Militant group of abolitionist settlers in the Kansas Territory, USA (1850s)

The Pottawatomie Rifles was a group of about one hundred abolitionist (or free state) settlers of Franklin and Anderson County, Kansas, both of which are along Pottawatomie Creek. The band was formed in the fall of 1855, during the Bleeding Kansas period, as an armed militia to counter growing pro-slavery presence: an influx of men known as border ruffians, from the neighboring slave state of Missouri.

Led by John Brown's son John Jr., men from the Pottawatomie Rifles took part in much of the violence known as Bleeding Kansas, including the Battle of Osawatomie and the Pottawatomie massacre.

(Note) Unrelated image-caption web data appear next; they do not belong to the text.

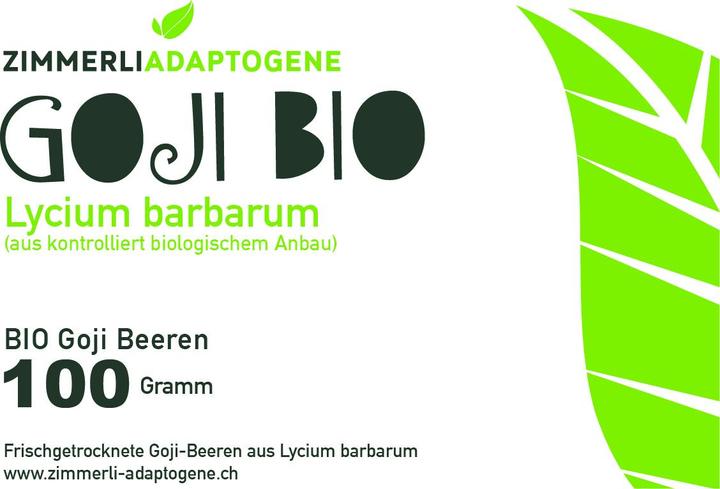 Produktbild Zimmerli Adaptogene Goji Beeren (BIO) (1 Stück, 100 g)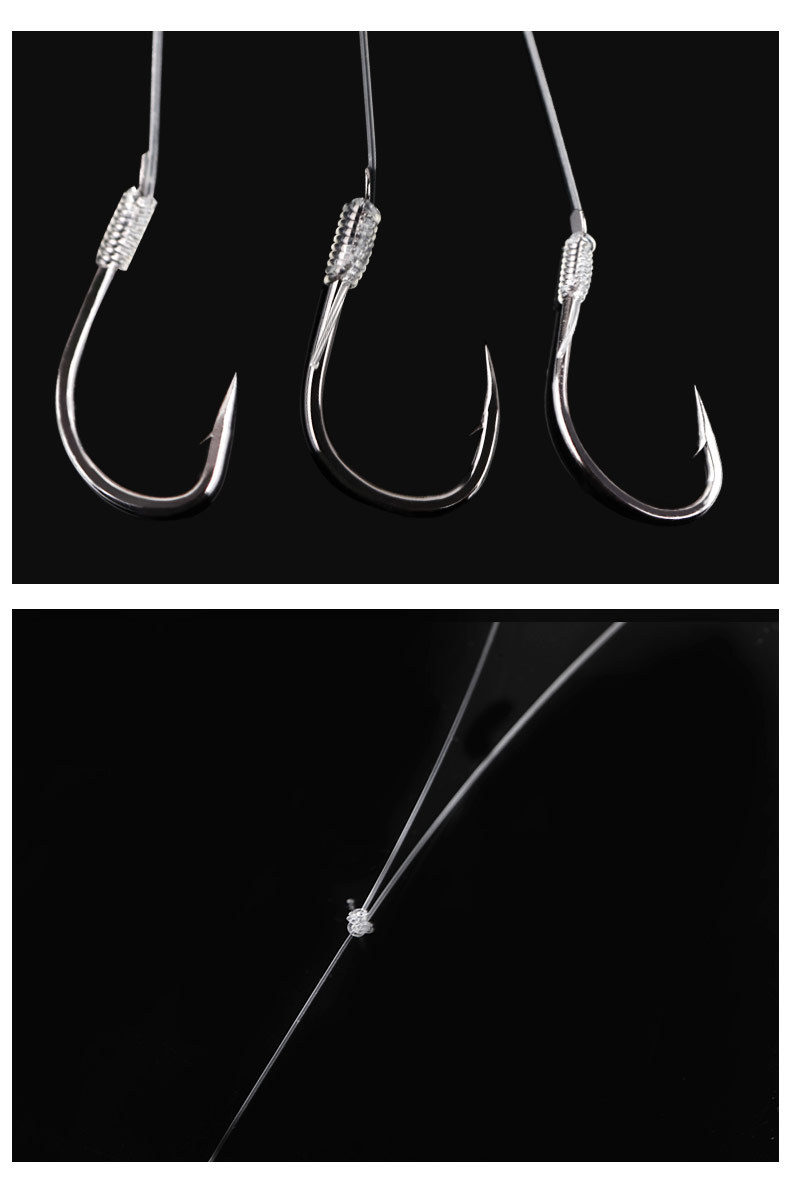 精品串钩伊势尼 伊豆丸世高端子线串钩爆炸钩散装进口鱼钩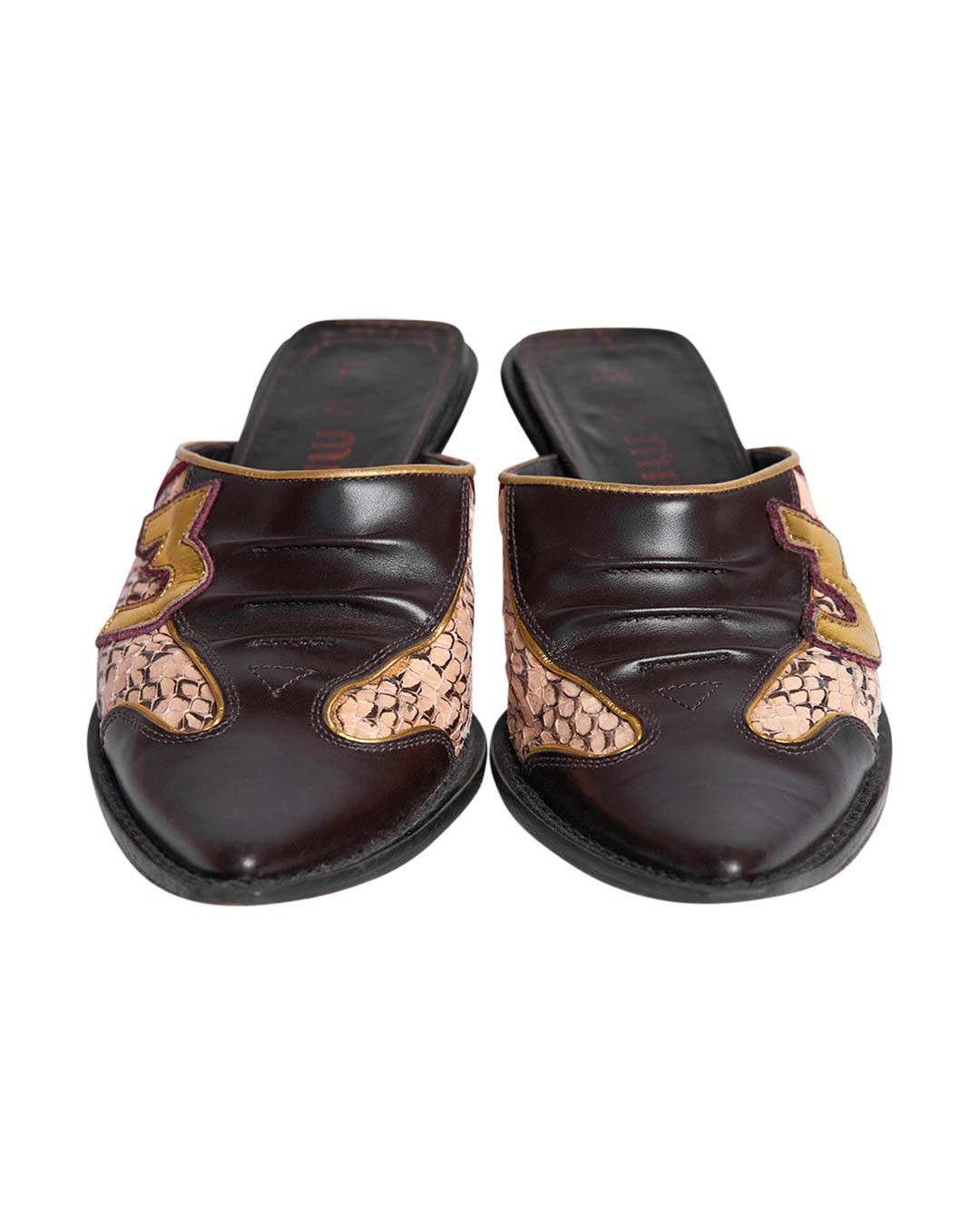 Miu Miu Miu Miu S/S2000 Number "3" Pointy Mules Size US 8 / IT 38 - 5 Thumbnail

Although John Brown, who was famous for his own raids, such as the raid on Harpers Ferry, frequently accompanied his son, he did not consider himself a member of the group.

== Pottawatomie massacre ==

The Pottawatomie massacre took place during the night between May 24 and 25, 1856. In revenge for the sacking of Lawrence, Kansas, by pro-slavery forces, in which the Douglas County Sheriff Samuel Jones led a mob that trashed newspaper offices and the Free State Hotel, John Brown and various other abolitionist settlers and abolitionist groups, most of whom were Pottawatomie Rifles, killed five pro-slavery settlers. The incident occurred north of Pottawatomie Creek, near its junction to Mosquito Creek, in Franklin County, Kansas. Some sources say that John Brown Sr. led the massacre, beginning from May 22, in a private expedition which consisted of his sons Oliver, Watson, Owen, and Frederick, his son-in-law Henry Thompson, and two men named James Townsley and Thomas Winer who were transporting the men in their wagons, but not his son John Jr.